After a minute of this you are in trouble. Maybe it’s three minutes before one of your friends (on shore, taking a break during the lull) comes out to check on you. Now you are unable to sail, and your friend has to figure out how to get you on your board and somehow drag your icy ass back to shore before your heart stops beating. (Hey while we’re having so much fun reading this post, hop on over here and read a bunch of stories about hypothermia deaths in cold water.)
Okay, you say, will you please relax? Who hasn’t launched with an unzipped drysuit, Mr. Editor of the Peconic Puffin? Haven’t you?
Of course I have. We all have. And like most all of us most of the time all I ended up with was a cold back and a quick scare. But sailing in the ocean things can get complicated.

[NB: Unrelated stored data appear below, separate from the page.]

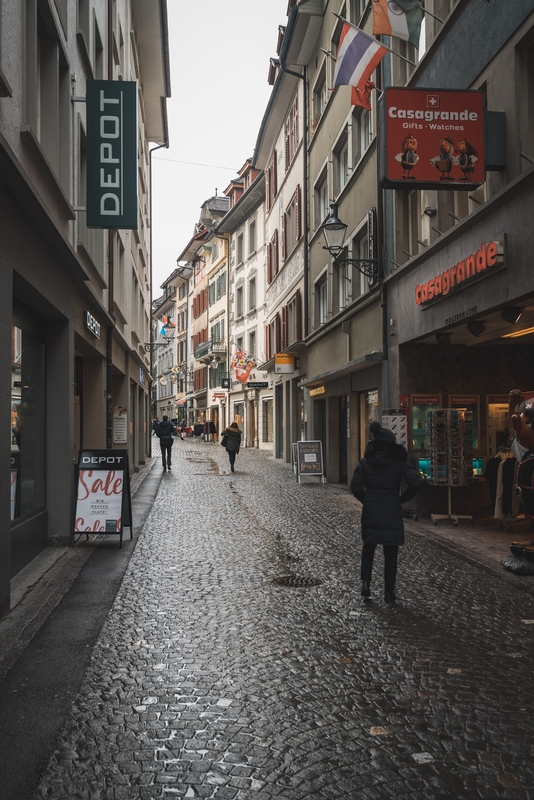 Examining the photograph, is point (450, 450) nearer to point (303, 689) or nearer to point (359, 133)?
point (303, 689)

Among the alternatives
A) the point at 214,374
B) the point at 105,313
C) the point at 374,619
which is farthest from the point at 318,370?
Answer: the point at 214,374

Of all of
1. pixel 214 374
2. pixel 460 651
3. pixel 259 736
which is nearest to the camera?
pixel 259 736

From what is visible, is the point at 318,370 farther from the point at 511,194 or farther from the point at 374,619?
the point at 374,619

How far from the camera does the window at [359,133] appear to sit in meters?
18.1

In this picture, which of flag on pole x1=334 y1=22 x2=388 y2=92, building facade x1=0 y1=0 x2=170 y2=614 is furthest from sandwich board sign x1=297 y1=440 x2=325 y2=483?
flag on pole x1=334 y1=22 x2=388 y2=92

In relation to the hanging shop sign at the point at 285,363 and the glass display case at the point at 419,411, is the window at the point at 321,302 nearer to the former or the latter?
the hanging shop sign at the point at 285,363

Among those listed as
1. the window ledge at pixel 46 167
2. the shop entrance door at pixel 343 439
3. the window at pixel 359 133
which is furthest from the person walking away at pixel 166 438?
the window ledge at pixel 46 167

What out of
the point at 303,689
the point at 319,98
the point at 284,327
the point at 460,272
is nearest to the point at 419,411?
the point at 460,272

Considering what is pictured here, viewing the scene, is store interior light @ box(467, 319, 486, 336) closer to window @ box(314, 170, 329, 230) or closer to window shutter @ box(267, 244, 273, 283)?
window @ box(314, 170, 329, 230)

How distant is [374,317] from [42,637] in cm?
1155

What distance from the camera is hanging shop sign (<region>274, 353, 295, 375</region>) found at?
27.0 metres

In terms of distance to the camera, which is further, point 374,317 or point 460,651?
point 374,317

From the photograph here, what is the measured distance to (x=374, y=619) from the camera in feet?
21.4

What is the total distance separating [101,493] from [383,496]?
15.7 ft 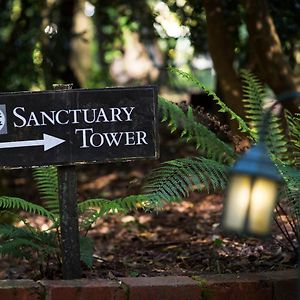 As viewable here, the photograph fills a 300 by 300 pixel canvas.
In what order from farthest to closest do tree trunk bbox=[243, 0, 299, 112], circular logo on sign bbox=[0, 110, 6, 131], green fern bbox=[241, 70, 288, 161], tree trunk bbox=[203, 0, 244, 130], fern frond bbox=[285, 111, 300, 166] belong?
tree trunk bbox=[203, 0, 244, 130] → tree trunk bbox=[243, 0, 299, 112] → green fern bbox=[241, 70, 288, 161] → fern frond bbox=[285, 111, 300, 166] → circular logo on sign bbox=[0, 110, 6, 131]

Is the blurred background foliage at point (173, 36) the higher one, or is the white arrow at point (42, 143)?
the blurred background foliage at point (173, 36)

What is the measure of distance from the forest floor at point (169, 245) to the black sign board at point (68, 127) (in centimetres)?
75

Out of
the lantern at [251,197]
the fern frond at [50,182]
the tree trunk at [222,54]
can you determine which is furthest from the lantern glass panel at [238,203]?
the tree trunk at [222,54]

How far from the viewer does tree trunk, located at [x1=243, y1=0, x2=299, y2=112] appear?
6.06 meters

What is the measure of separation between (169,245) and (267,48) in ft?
6.72

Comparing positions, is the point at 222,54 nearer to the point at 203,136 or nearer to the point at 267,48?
the point at 267,48

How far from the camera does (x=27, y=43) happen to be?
8.19 meters

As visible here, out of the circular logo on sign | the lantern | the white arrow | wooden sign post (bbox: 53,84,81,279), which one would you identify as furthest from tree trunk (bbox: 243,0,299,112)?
the lantern

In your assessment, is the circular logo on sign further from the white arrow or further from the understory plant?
the understory plant

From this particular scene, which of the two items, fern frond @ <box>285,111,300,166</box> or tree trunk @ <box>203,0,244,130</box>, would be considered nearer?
fern frond @ <box>285,111,300,166</box>

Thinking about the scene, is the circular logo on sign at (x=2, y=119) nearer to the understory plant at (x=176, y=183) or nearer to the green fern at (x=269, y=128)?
the understory plant at (x=176, y=183)

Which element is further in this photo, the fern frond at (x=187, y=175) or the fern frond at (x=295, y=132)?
the fern frond at (x=295, y=132)

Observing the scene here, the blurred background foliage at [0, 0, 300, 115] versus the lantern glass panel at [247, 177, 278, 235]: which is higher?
the blurred background foliage at [0, 0, 300, 115]

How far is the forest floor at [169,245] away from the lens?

And at the Bowl yesterday with the currents swirling near the jetty, the winds up and down and forecasted to turn increasingly offshore, the Wolf’s little episode put safety front and center in our minds.
So to the great disappointment of the two seals hanging out on the inside and rating our jibes, we called it a day after a few hours. “I’ve sailed the Bowl for twenty years…I know when to quit,” said the Wolf. And we all resolved to double check our drysuit zippers in the future.
Scary! Preflight checklist each other? ("tendon - check!; zipper - check!; lines - check!")
Posted by: Sergey | February 26, 2010 at 04:20 PM
Exactly, Sergey! What you said and I check that the fin is solidly in the box.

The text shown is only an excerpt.